But that has a very different score from the original, and for the three Festival Hall performances, with the BBC Concert Orchestra and Paul Daniel conducting, On the Town was being heard as Bernstein originally intended, complete with the strange little intermission song and the ballet sequences (which the composer later turned into a self-standing concert work) as well as the enduring numbers like New York, New York, and Lonely Town. There was no dancing at the Festival Hall. This was a semi-staging, and a very effective one, devised by Annilese Miskimmon, with lighting effects, costumes, and all the necessary exits and entrances, and Daniel made it fizz along.
The cast was an excellent one too.

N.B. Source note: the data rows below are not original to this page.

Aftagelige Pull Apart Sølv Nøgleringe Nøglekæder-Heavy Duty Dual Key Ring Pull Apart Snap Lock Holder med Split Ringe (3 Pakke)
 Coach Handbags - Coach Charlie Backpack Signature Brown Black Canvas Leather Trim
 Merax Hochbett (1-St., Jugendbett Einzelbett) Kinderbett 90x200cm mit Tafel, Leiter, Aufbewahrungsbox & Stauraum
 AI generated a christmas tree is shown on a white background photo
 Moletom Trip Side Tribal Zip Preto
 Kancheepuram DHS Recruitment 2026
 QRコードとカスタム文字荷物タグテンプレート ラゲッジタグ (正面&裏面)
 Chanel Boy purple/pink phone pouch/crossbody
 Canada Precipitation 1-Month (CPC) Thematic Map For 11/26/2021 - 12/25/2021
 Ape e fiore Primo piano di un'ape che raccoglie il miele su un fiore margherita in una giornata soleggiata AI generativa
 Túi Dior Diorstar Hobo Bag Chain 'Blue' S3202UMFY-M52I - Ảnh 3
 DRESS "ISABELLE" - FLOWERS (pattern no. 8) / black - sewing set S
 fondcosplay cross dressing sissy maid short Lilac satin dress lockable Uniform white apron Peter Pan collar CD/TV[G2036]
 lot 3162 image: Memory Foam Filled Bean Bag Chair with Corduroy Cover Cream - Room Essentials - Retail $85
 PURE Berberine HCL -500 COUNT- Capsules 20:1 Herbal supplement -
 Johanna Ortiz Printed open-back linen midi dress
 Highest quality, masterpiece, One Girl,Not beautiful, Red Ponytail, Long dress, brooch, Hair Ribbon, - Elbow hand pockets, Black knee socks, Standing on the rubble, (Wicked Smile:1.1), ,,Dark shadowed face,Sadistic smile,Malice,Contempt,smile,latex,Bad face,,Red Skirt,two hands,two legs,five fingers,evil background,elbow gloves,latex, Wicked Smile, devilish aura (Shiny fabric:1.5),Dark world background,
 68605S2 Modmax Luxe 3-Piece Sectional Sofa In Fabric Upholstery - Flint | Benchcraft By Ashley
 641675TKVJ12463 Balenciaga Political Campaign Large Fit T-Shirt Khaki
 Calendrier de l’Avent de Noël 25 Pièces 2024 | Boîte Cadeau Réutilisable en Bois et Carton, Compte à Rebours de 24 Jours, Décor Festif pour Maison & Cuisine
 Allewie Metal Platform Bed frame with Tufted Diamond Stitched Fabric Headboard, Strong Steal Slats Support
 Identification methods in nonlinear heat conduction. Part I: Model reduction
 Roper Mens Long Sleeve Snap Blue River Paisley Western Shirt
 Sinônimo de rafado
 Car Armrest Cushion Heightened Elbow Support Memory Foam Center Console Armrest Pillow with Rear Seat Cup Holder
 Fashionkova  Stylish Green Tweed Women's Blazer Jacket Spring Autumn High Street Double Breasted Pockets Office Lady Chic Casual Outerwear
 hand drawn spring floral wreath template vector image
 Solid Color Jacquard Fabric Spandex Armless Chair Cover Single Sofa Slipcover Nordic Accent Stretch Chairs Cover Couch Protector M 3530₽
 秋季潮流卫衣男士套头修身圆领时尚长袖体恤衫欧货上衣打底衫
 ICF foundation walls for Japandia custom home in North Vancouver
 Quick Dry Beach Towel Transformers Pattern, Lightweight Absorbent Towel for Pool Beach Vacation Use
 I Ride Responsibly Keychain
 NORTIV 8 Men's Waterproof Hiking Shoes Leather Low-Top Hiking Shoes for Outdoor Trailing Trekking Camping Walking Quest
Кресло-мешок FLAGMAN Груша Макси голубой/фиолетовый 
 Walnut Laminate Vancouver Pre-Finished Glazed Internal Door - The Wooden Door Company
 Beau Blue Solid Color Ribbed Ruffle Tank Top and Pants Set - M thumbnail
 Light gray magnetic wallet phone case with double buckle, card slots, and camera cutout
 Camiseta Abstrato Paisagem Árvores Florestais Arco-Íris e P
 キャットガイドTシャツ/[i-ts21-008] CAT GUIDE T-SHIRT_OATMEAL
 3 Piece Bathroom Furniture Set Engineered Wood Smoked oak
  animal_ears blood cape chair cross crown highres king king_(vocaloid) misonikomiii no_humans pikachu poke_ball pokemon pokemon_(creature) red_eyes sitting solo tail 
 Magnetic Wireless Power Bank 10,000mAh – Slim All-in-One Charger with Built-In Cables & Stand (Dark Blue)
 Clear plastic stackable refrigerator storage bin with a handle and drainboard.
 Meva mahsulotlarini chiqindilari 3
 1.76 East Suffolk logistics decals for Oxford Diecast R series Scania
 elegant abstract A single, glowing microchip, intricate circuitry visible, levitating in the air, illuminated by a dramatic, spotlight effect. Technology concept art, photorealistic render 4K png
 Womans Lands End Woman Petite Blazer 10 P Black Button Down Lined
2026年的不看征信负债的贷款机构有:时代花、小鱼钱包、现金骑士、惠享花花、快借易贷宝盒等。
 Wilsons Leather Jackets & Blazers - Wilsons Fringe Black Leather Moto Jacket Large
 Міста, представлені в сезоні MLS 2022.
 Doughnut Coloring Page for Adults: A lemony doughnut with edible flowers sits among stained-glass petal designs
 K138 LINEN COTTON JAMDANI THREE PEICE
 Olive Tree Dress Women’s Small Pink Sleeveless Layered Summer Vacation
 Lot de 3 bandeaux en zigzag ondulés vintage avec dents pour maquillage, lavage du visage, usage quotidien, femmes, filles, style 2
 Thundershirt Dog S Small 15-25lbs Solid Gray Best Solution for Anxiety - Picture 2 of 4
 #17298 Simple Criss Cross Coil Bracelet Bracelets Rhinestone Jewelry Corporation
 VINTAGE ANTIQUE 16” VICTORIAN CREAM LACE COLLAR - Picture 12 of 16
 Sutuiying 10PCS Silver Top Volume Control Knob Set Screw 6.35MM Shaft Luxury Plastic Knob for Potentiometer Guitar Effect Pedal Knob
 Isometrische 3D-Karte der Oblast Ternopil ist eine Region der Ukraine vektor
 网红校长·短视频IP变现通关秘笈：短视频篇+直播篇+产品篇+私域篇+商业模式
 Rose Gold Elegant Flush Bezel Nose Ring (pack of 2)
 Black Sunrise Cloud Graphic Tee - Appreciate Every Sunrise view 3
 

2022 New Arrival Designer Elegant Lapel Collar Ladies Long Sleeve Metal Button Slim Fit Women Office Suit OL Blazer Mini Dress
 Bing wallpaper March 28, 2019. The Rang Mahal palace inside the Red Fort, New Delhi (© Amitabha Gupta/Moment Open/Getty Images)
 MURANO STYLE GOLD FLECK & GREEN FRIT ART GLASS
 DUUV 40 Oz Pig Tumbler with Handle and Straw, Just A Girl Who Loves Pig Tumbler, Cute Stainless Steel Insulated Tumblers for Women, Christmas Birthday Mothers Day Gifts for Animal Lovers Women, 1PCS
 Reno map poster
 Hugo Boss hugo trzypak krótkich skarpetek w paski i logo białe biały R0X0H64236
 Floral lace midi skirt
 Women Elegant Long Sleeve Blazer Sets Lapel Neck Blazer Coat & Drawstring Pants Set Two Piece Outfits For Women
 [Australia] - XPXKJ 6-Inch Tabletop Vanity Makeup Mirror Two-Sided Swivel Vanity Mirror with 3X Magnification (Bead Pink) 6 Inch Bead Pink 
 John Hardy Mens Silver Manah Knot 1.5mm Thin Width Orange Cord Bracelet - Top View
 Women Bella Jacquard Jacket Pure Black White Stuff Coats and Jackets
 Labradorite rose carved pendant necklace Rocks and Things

The three sailors, Gabey, Chip, and Ozzie, were sung and acted by Brent Barrett, Graham Bickley and Karl Dymond with exactly the right kind of boyish, gauche enthusiasm, and Barrett especially treated his two solo numbers, the most beautiful in the score, with all the refinement they deserve.
The remarkable Kim Criswell was Hildy Esterhazy, the extrovert cabbie desperate for male company. Her panache seemed effortless. But Sally Burgess as Claire de Loone, the nymphomaniac anthropologist, and Daniel Washington as her long-suffering fiancé Pitkin W Bridgework, took their numbers with equal zest, while Lilian Watson sparkled as Ivy Smith, the target of Gabey's affections.
It was just a pity that her part is small and we didn't get to see more of her. Julia Mckenzie turned in a fabulous cameo as the grotesque singing teacher Madame Maude P Dilly and shared the narration with Ned Sherrin. London Voices supplied the chorus. Great stuff; only the fierceness of the amplification sometimes seemed overbearing.